Valuation Risks have a direct impact on internal and regulatory compliance, counterparty exposure and performance management. Recently, valuation risks have led to reputational risks; potentially impacting credit ratings, funding costs and the management structures of financial institutions.

Valuation risks concern each stage of the transaction processing and investment management chain. From front office, to back office, distribution, asset management, private wealth and advisory services; transparency, integrity and reliability of valuations have become critical. Moreover, issues associated with valuation risks go beyond the firm itself. With straight through processing and algorithmic trading, data and valuations must remain synchronized among the participants of the trade processing chain. The executing venue, prime brokers, custodian banks, fund administrators, transfer agents and audit now share files electronically and try to automate such processes, raising potential risks related to data management and valuations.

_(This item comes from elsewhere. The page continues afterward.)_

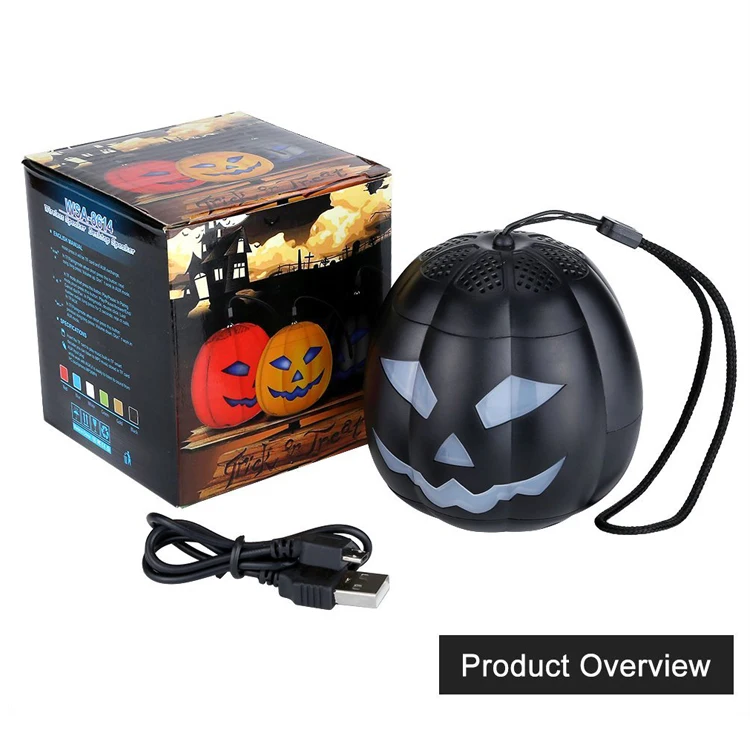 New Portable Changeable Colorful Led Light Wireless Pumpkin Speaker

The need to provide transparency and ensure the integrity and consistency of the data, models and processes used to process and report calculations within valuations is at the forefront of any risk management strategy within any financial institution.

[edit] Background

In recent years, the financial industry grew in volume and diversity at a staggering rate. The market competitiveness and progress made in financial engineering led to highly creative and innovative strategies where new products and new structures were offered at very fast pace on the market. As most innovations are first proposed on Over-The-Counter (OTC) markets, they tend to rely on financial models, sometimes combining several models together. Financial models typically build on underlying assumptions and require calibration to a breadth of scenarios, business conditions and variations of the assumptions.

The shockwave which keeps affecting the credit and capital markets following the burst of the US sub-prime real estate market in late 2007 has tried most underlying assumptions and had sweeping effects on a number of models that would unlikely be calibrated for extreme market conditions, or tail value at risks. This leads to an emergency call for transparency and assessments of exposure from the financial institutions’ clients, shareholders and managers, echoed by the regulators. In this process, it appears that market exposure and credit exposure intricately mix into a single notion of valuation risk.

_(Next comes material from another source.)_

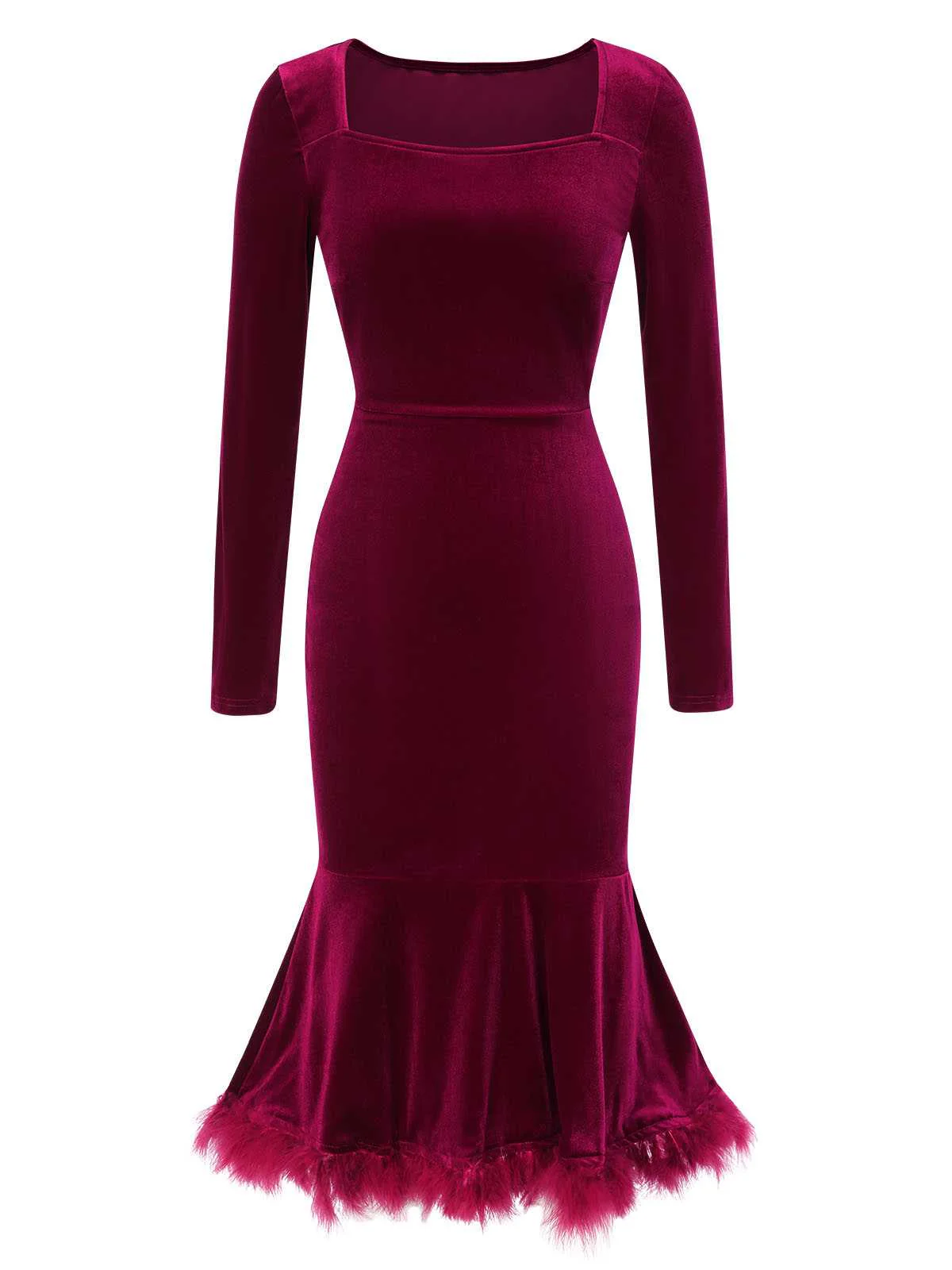 Wine Red 1930s Squared Neck Velvet Mermaid Dress - Image 2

[edit] Managing Valuation Risk

Valuation risks result from data management issues such as: Accuracy, integrity and consistency of static data. Accuracy and timeliness of information such as corporate events, credit events, or news potentially impact them. Streaming data, such as prices, rates, volatilities are even more vulnerable as they also depend on IT infrastructure and tools therefore adding a notion of technical and connectivity risk.

Current undertakings observed among financial institutions involve the setup of centralised data management platforms, open to multiple sources of static and streaming data where all financial instruments traded or held can possibly be defined, documented, priced, historised and distributed across the enterprise. Such centralisation facilitates data cleansing, historising and auditing. It allows organisations to define and control pricing and valuation procedures as required for compliance. For OTC instruments, the platforms also involve the definition and storage of underlying information such as yield curves and credit curves, volatility surfaces, ratings and correlation matrices and probabilities of default.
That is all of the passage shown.